To test for cancer, tissue from the nodule must be
removed from your body. The tissue will then be sent
to a lab and examined with a microscope to look for
cancer cells. A biopsy removes small samples of
tissue. Surgery removes the entire nodule for testing.
Since a biopsy only removes a very small piece of
the nodule, the results could be wrong. There may be
cancer cells in another part of the nodule. Thus, your
doctors may suggest surgery to remove the whole
nodule instead of a biopsy if your risk for cancer is
high. Likewise, your doctors may suggest another
biopsy, surgery, or frequent testing if the first biopsy
shows no cancer.
There are two types of biopsies used for lung
nodules. Before either biopsy, you may be asked
to stop eating, stop taking some medicines, or stop
smoking. A sedative, local anesthesia, or both may
be used. A biopsy is generally a safe test and takes
about 30 to 60 minutes to complete.
Percutaneous needle biopsy
This biopsy uses a very thin needle. Before and
during the biopsy, CT is used to find the right spot.
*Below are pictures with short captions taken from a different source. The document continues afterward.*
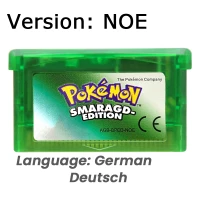 GBA-Spielkassette Pokemon Emerald FireRed LeafGreen Ruby Sapphire Shiny Label Mehrsprachige 32-Bit-Videospielkonsolenkarte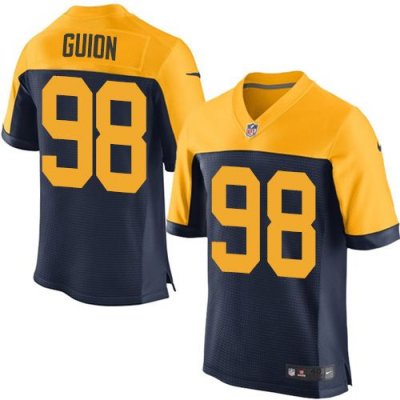 Jerseys Factory Cheap Nike Packers #98 Letroy Guion Navy Blue Al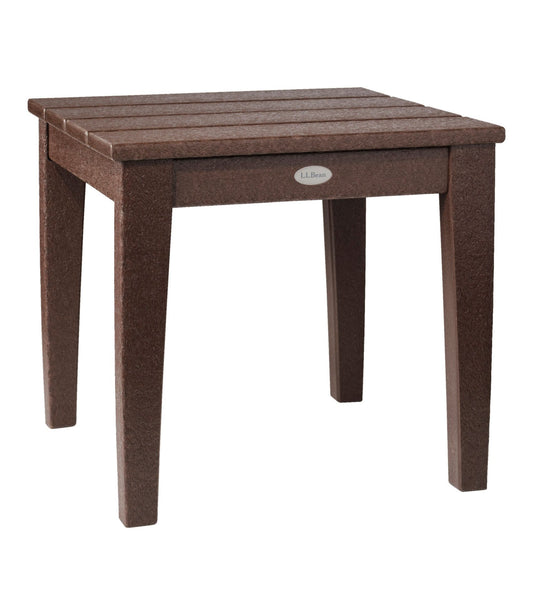 L.L.Bean All-Weather Patio Side Table Mahogany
Your skin will be cleaned and your doctors will
make a small cut after numbing the area with local
anesthesia. The needle will be inserted through the
cut, between the ribs and into the nodule. During the
biopsy, you may be asked to keep still and hold your
breath for a few seconds at a time. After the biopsy,
you will be given a chest x-ray to check for air that
can build up between the lungs and chest wall. This
kind of biopsy generally takes about an hour. You are
usually observed for 4 to 6 hours afterwards.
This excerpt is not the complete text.